Mike Mulligan and His Steam Shovel
Written and Illustrated by Virginia Lee Burton
I have decided to write a few reviews of classic children’s books. I am doing this as I think that parents quite often neglect to buy really good books for their children to read. Quite often they just buy books that are trendy or are filled with the latest TV characters such as Bob The Builder or Hannah Montana and don’t think about whether these are good books for their children. Some parents think that it doesn’t matter what their children are reading as long as they are reading, while others just follow trends or their children’s wishes. A lot of parents don’t want to buy their children classic picture books because they are too old fashioned for modern children, while many department stores and book shops only have the latest books.
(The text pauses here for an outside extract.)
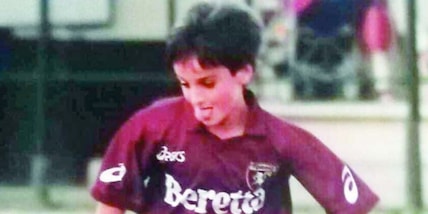 Gatti meglio di David e Openda, lo dicono i fatti: l’ex vita da bomber del difensore Juve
Mike Mulligan and His Steam Shovel is a delightful children’s picture book that was first published way back in 1939. The story is about Mike Mulligan who with his steam shovel Mary Anne has been successfully digging holes, including the ‘great canal’, for many years but has recently become considered redundant in the big cities due to the introduction of modern diesel and electric powered shovels. To solve this problem Mike takes Mary Anne to the little town of Popperville to dig the basement of their new town hall in a single day to prove that Mary Anne can do the work of 100 men. Mike and Mary Anne succeed against the odds but unfortunately have dug themselves into a hole… literally… and cannot get out, until a young boy suggests that Mary Anne could be used as the furnace of the new building.
The book features excellent illustrations by Virginia Lee Burton that were rendered in crayon. Whilst kids today may think that the illustrations are a little old fashioned compared to those in more modern picture books, I have always been fascinated by them. The pictures also match the theme of the text which is saying that even though something is old, it doesn’t mean that it is no good, especially if it is well taken care of. Like one of Burton’s other books, The Little House, this nostalgic book seems to be lamenting progress and commenting on how progress can mean that things end up being replaced unnecessarily by newer, more modern machines, even if the older machines can still do their job perfectly well. (This can also be applied to people, where older people are made redundant and replaced by younger workers!)